Sunday, 26 February 2012


Pulp - Freaks (Reissue)
released 13 February 2012 on Fire Records

In the life and career of Pulp frontman Jarvis Cocker, one section that tends to get glossed over is his stint as one half of gothic electro duo Relaxed Muscle. Relaxed Muscle released one album in 2003, A Heavy Night With…, and promptly disappeared from view. However, this dark, brooding menace must have been part of the Cocker armoury for some time, as it’s one of the overriding emotions on 1987’s Freaks. Freaks is subtitled ‘Ten Stories About Power, Claustrophobia, Suffocation and Holding Hands’, and it’s a very apt description. As well as the nightmarish, hall-of-mirrors theme – one which doesn’t seem to crop up on any other Pulp album – there’s the bedsit balladry and tales of intense (and mainly unrequited) relationships that became Pulp’s calling card on future records.

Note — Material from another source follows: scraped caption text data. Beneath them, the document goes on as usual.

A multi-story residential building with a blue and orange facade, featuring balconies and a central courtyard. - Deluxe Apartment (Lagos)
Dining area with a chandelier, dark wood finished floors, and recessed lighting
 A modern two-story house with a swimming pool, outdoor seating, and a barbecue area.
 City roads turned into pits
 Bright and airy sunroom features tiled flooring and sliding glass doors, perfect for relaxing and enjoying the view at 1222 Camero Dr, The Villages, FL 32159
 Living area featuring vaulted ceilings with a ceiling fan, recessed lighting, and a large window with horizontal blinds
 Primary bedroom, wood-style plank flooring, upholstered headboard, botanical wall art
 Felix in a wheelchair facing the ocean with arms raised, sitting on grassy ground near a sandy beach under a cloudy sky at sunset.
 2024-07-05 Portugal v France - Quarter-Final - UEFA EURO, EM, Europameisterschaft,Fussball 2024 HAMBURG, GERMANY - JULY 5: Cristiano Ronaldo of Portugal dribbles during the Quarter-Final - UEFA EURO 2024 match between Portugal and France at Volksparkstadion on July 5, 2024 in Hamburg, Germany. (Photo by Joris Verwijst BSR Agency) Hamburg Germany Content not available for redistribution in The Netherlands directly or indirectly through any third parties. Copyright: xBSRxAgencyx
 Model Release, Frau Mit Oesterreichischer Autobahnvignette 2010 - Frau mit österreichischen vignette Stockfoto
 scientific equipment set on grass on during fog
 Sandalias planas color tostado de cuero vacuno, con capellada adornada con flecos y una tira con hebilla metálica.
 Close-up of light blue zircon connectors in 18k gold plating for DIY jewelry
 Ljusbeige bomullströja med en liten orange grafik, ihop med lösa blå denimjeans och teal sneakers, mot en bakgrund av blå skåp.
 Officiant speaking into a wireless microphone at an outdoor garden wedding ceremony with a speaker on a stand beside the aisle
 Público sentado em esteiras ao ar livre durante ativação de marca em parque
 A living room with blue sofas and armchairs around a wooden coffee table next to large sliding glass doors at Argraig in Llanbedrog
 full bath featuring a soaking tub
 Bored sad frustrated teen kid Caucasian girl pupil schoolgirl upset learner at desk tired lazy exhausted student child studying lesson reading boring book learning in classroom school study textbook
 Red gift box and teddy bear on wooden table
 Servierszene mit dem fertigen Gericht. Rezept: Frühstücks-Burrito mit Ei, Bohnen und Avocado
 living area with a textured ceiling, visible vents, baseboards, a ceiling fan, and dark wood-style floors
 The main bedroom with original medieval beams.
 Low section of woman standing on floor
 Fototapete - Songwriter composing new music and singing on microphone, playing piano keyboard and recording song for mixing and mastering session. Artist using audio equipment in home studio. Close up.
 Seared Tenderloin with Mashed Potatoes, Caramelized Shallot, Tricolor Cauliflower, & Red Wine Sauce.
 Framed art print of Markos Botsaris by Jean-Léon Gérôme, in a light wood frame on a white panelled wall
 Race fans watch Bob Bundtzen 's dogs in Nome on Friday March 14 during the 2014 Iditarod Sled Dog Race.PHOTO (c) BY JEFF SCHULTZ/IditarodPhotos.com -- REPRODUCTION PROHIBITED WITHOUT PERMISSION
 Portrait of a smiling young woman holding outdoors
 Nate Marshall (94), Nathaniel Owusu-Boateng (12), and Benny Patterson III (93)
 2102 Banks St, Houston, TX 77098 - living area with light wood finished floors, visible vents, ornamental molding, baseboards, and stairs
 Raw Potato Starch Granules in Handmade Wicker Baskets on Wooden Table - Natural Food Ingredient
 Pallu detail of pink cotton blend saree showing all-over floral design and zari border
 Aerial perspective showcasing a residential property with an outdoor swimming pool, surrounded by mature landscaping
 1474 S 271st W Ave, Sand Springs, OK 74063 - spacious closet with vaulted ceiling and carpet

Freaks begins with Fairground, which features chromatic scales, a wurlitzer, maniacal cackling, references to circus freaks, and generally sounds like the music played in a big top at the apocalypse. Russell Senior takes lead vocal duties, and his sinister narration lends an even more spooky theme (“nature sometimes makes a mistake”). Being Followed Home begins with ominous echoing footsteps and also makes use of descending, funfair-style chords, while Master Of The Universe is full of jeopardy and creeping dread - and touches upon BDSM (“a master masturbates alone in the corner of your home”).

Unfortunately, Freaks charts a transitional period in the history of Pulp and doesn’t fit together well as an album at all. It’s a battle between two sides of Pulp. The above paragraph covers the 'power, claustrophobia and suffocation', but the album’s stronger tracks are the 'holding hands' side, giving the first real indication of what the band were capable of. Life Must Be So Wonderful is more like the Pulp we know and love. It’s vintage Jarvis – a third person outsider ballad about a council estate femme fatale. Despite the cheap sound of the percussion and not being sung by Cocker, Anorexic Beauty follows this template too, though it also contains a little of the macabre; the object of our hero’s affections, rather than traditionally beautiful, is “corpse-like” and “erotic and skull-faced”.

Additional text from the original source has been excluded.